What to do: Everything from the line with "别墅 Cascading Nebbo Dubrovnik" to the line with "Ellathrasher OnlyFans Thumbnail #ykou98DGIe" in the listing below, both lines included, needs to be copied exactly, apart from the pictures.

Records for processing:
-=-=-=-=-

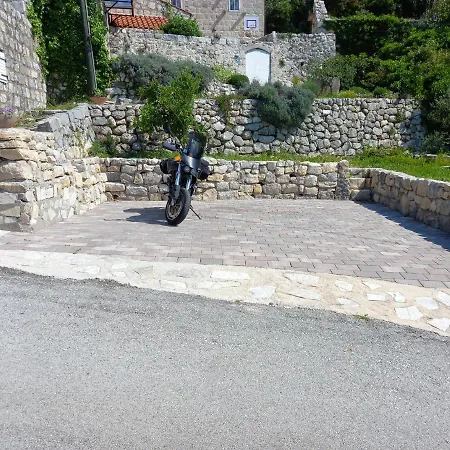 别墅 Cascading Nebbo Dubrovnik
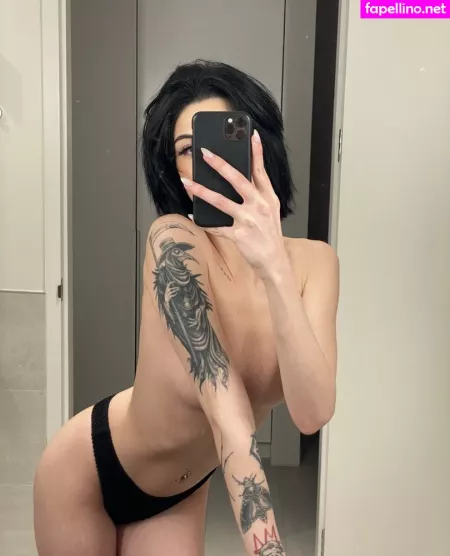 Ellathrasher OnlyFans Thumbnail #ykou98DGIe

-=-=-=-=-

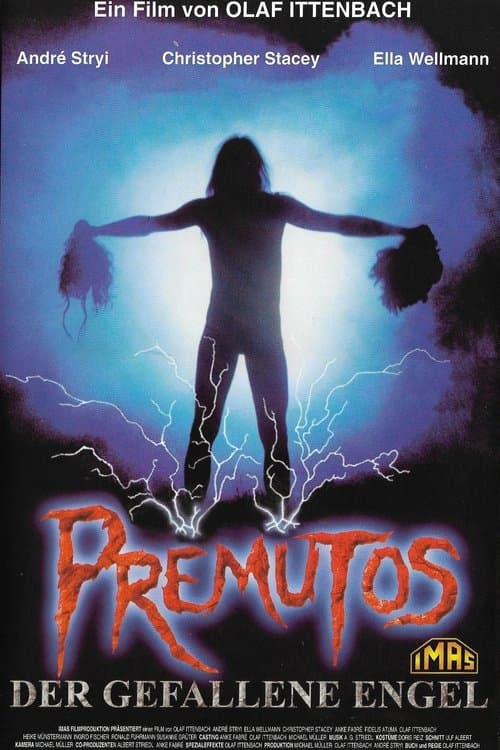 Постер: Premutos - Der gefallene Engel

-=-=-=-=-

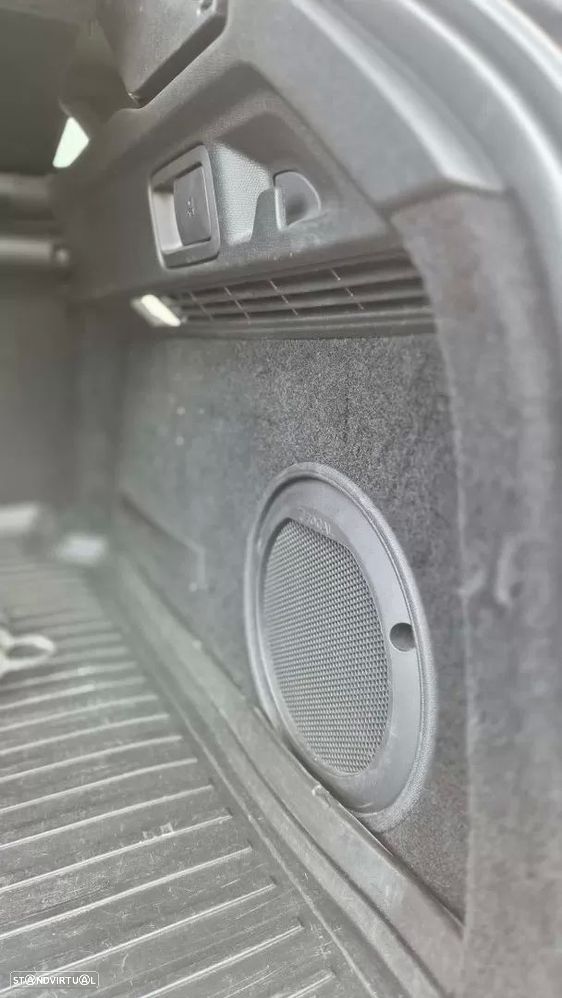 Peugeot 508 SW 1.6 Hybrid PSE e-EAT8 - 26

-=-=-=-=-

Result:
 别墅 Cascading Nebbo Dubrovnik
 Ellathrasher OnlyFans Thumbnail #ykou98DGIe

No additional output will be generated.